DocumentProcessingConfig

Document processing configuration.

KEY TYPE Description
documentType DocumentType Type of document. Can be one of Text, Tables and Forms, Embedded Images, etc. If not specified, type will be decided automatically.
convertToMarkdown bool Whether to convert extracted text to markdown. Defaults to False. This option only takes effect when extract_bounding_boxes is True.
removeWatermarks bool Whether to remove watermarks. By default, it will be decided automatically based on the OCR mode and the document type. This option only takes effect when extract_bounding_boxes is True.
highlightRelevantText bool Whether to extract bounding boxes and highlight relevant text in search results. Defaults to False.
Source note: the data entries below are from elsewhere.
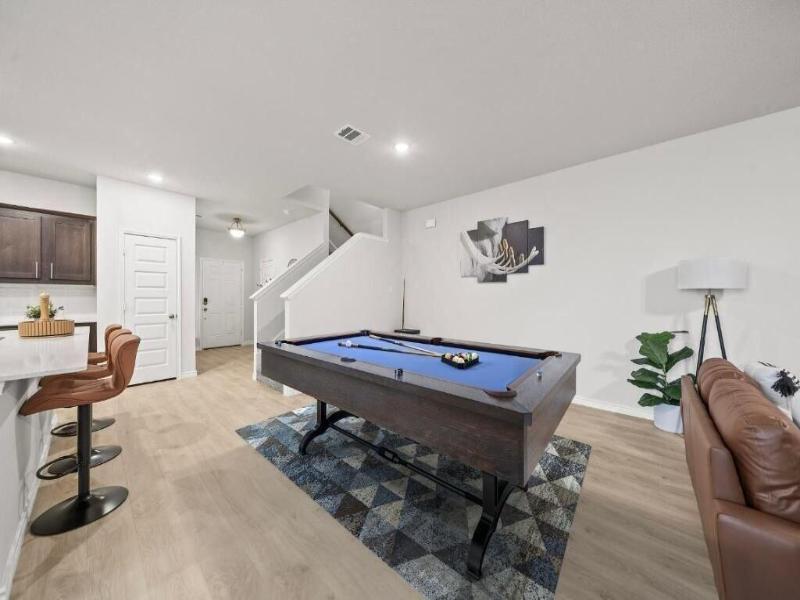 Luxurious 4 Bed Duplex Getaway! image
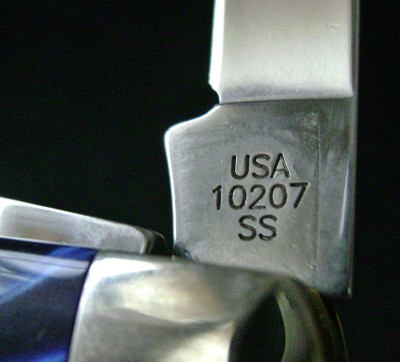 Case 2019 Mini-Trapper 10207 SS Smooth Blue Pearl Kirinite - Pattern Stamp.JPG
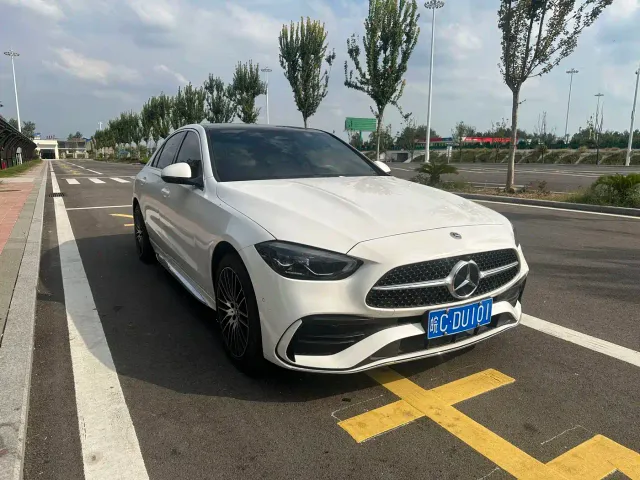 Mercedes-Benz C-Class — Фото автомобиля 3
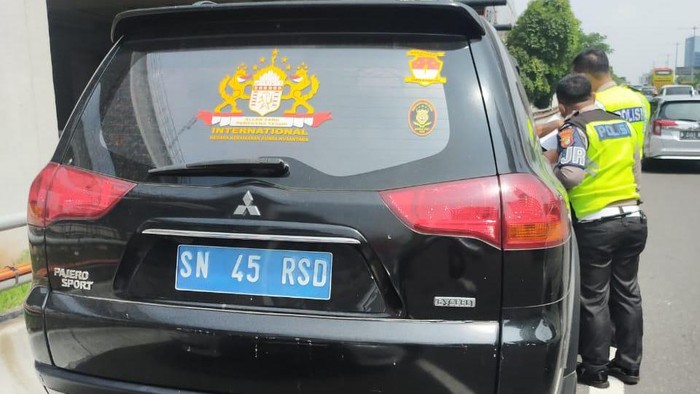 Mobil Pajero berpelat biru dengan nopol SN-45-RSD ditilang polisi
maskPii bool Whether to mask personally identifiable information (PII) in the document text/tokens. Defaults to False.
useFullOcr bool Whether to perform full OCR. If True, OCR will be performed on the full page. If False, OCR will be performed on the non-text regions only. By default, it will be decided automatically based on the OCR mode and the document type. This option only takes effect when extract_bounding_boxes is True.
extractBoundingBoxes bool Whether to perform OCR and extract bounding boxes. If False, no OCR will be done but only the embedded text from digital documents will be extracted. Defaults to False.
ocrMode OcrMode OCR mode. There are different OCR modes available for different kinds of documents and use cases. This option only takes effect when extract_bounding_boxes is True.
removeHeaderFooter bool Whether to remove headers and footers. Defaults to False. This option only takes effect when extract_bounding_boxes is True.